En tout cas, elle a permis d’impulser un sursaut patriotique d’union nationale. Toute la classe politique française s’est levée comme un seul homme pour dénoncer cet acte et apporter son soutien à la famille du maire. Ce qu’elle n’avait absolument pas fait pour Nahel, pourtant, lui, tué à bout portant par un policier mis en examen pour homicide volontaire, c’est-à-dire meurtre. Ni elle n’avait apporté son soutien à sa famille.

Au lendemain de l’attaque à la voiture-bélier qui a visé le domicile du maire de L’Haÿ-les-Roses dans le Val-de-Marne, des rassemblements ont été aussitôt organisés sur le parvis de toutes les mairies de France, toutes sirènes sonnantes.

Par ailleurs, dans le même temps, en guise de politique d’apaisement sécuritaire, Macron a déclenché l’opération câlinothérapie auprès des maires et des députés, rassurés et briefés pour les préparer à mettre en œuvre la même stratégie de consolation auprès de leurs administrés.

Et pour amorcer cette entreprise de raccommodement citoyenne, dans le cadre du Plan d’urgence pour une « réconciliation nationale », Macron les a invités à renouer le dialogue avec les jeunes des quartiers populaires, retisser le lieu social.

Et, surtout, engager un débat avec toute la population, notamment les parents, pourtant accusés de laxisme, rendus responsables de l’embrasement de la France.

Dans une déclaration qui dévoile la duplicité de Macron, et surtout son agenda politique répressif, il a promis de « continuer de travailler » pour répondre aux difficultés des quartiers, mais en précisant que « la première réponse, c’est l’ordre ». Autrement dit la répression. L’encerclement et le harcèlement policiers. Les quartiers populaires seront inondés non pas de milliards d’euros pour bâtir, pour la jeunesse, un avenir radieux, mais de milliers de policiers. Une jeunesse contrainte de continuer à se farcir, dans la soumission et par la répression, un présent ignominieux.

Une chose est sûre, avec cette stratégie de dévoiement et de manipulation, Macron tente d’exonérer la responsabilité de son gouvernement, de blanchir la police. Autrement dit, de disculper et d’innocenter l’Etat.

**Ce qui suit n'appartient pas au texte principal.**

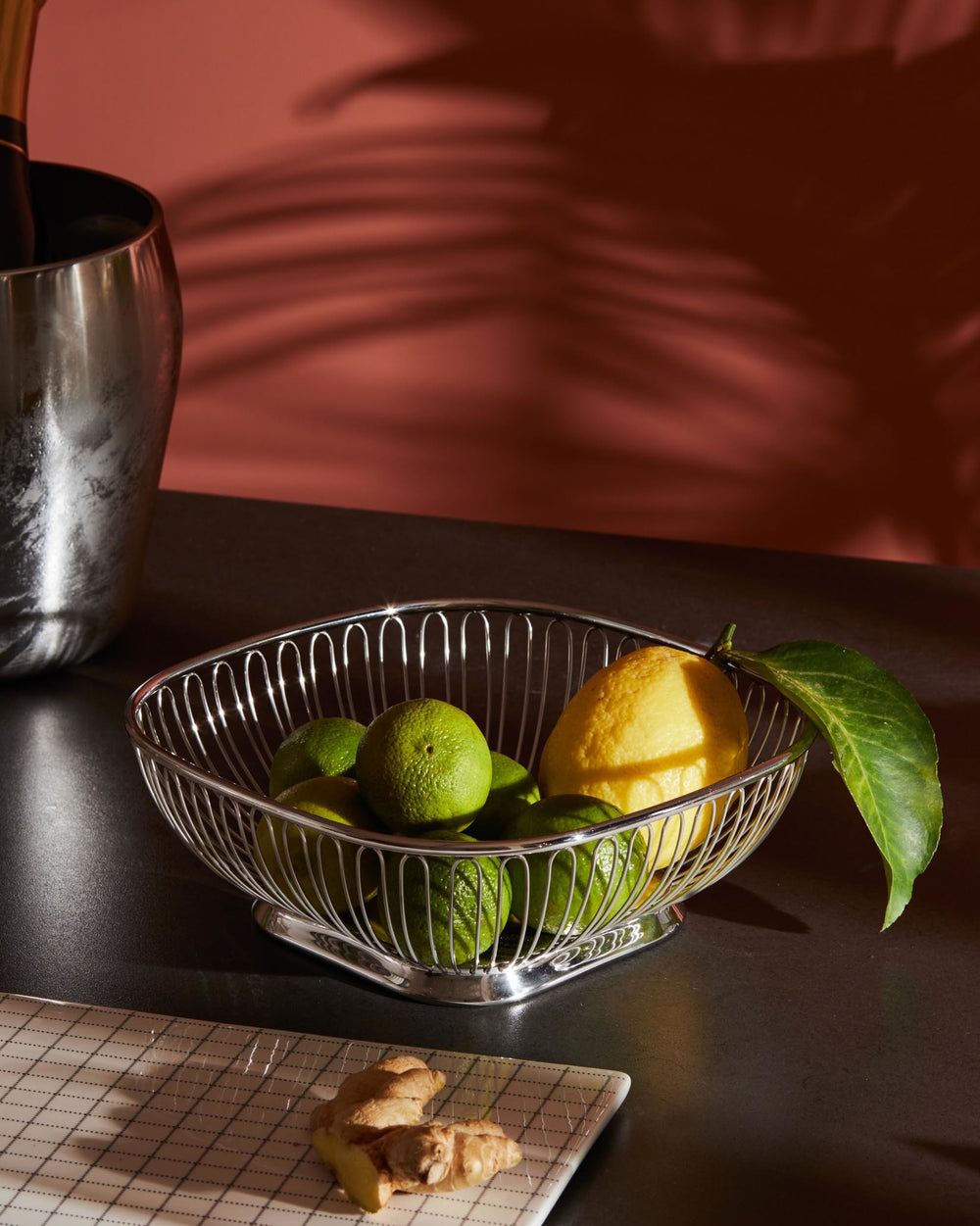 Silver wire fruit basket by Alessi, filled with limes and a lemon on a dark counter with ginger.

Toute la responsabilité du déclenchement de la révolte incomberait, selon Macron, aux parents et aux réseaux sociaux, accusés respectivement de laxisme et de corruption de la jeunesse. Pis, Macron envisage de sanctionner financièrement les familles, par la suppression de leurs prestations sociales.

Outre la criminalisation de tout mouvement de révolte, Macron criminalise dorénavant les familles d’enfants rebelles.

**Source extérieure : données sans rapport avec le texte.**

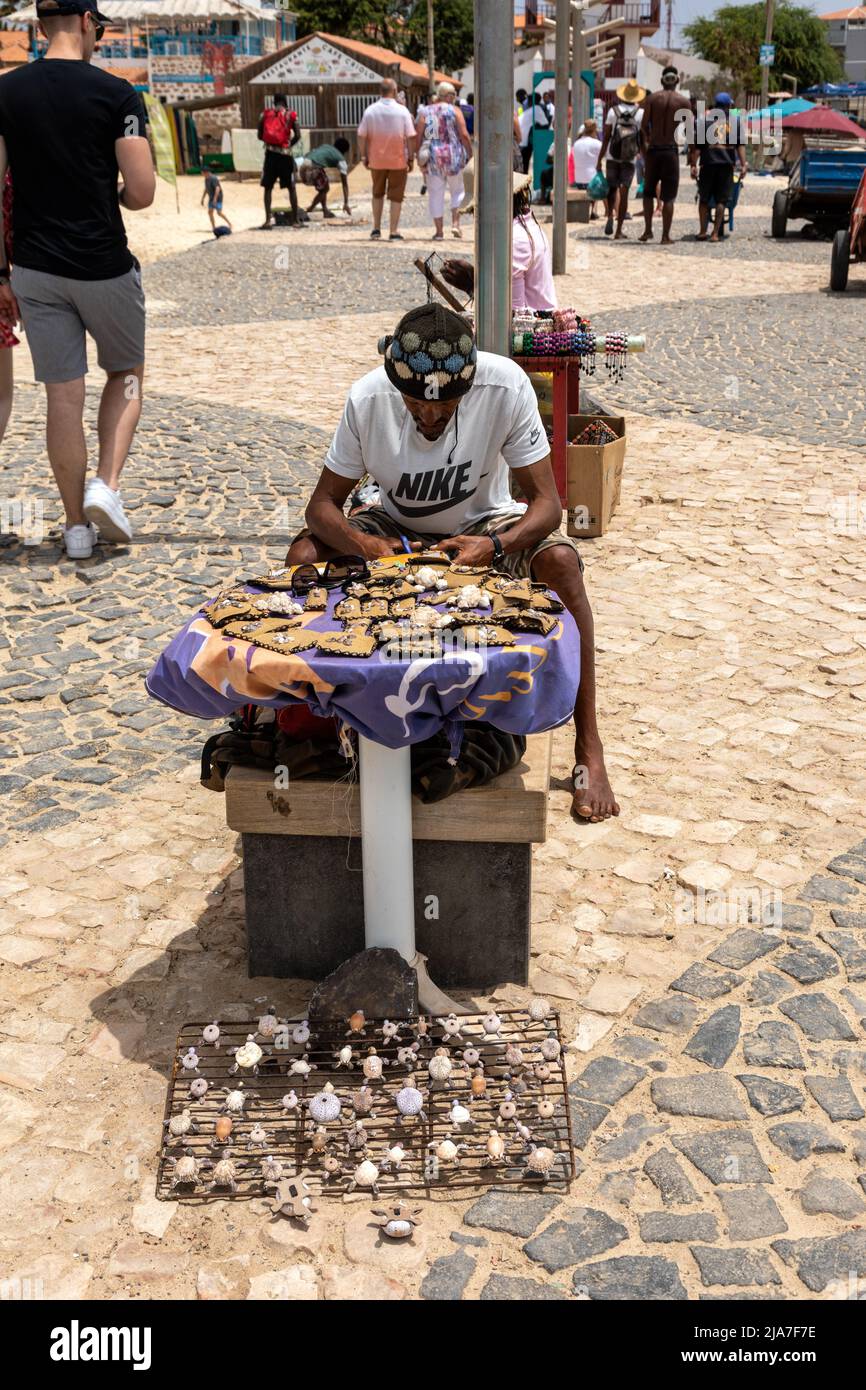 Cap-Vert Sal homme local faisant des ornements de coquillages et porte-monnaie pour les touristes comme souvenirs de gagner une vie, Santa Maria, Cabo Verde, Afrique Banque D'Images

Jamais deux sans trois. Rebelote. À la faveur de l’incendiaire mouvement de protestation inextinguible des agriculteurs, Macron décide de déployer de nouveau sa stratégie de diversion et divertissement. Celle de l’organisation d’un Débat national. 

Mais, cette fois-ci, sans succès. À peine le débat annoncé dans la confusion et la précipitation qu’il est annulé. En réactivant son opération de com, c’est-à-dire en orchestrant un débat avec les agriculteurs, Macron escomptait circonscrire le mouvement de révolte agricole. Son opération de diversion démasquée, il a au contraire attisé leur colère. 

De sorte que Macron a dû annuler Son narcissique et solipsiste débat. D’aucuns diraient son onaniste ébat politique. 

En tout cas, sa visite au Salon de l’agriculture s’annonce compliquée et périlleuse. En effet, elle est à hauts risques, après l’annulation du débat prévu avec l’ensemble des acteurs du monde agricole dans les allées du parc des expositions de la porte de Versailles.

Au final, le « grand débat », concocté avec coquetterie par le coquin Macron, fier comme un coq, pour embobiner les agriculteurs réduits à manger de la vache enragée, tourne au fiasco. Plusieurs acteurs du monde agricole et de la grande distribution ont déjà fait savoir qu’ils boycotteront le débat. En revanche, les agriculteurs ont annoncé qu’ils poursuivront leur combat. 

Macron l’agent du capital ignore une donnée capitale : l’époque n’est plus au débat bourgeois pacifique mais au combat populaire révolutionnaire.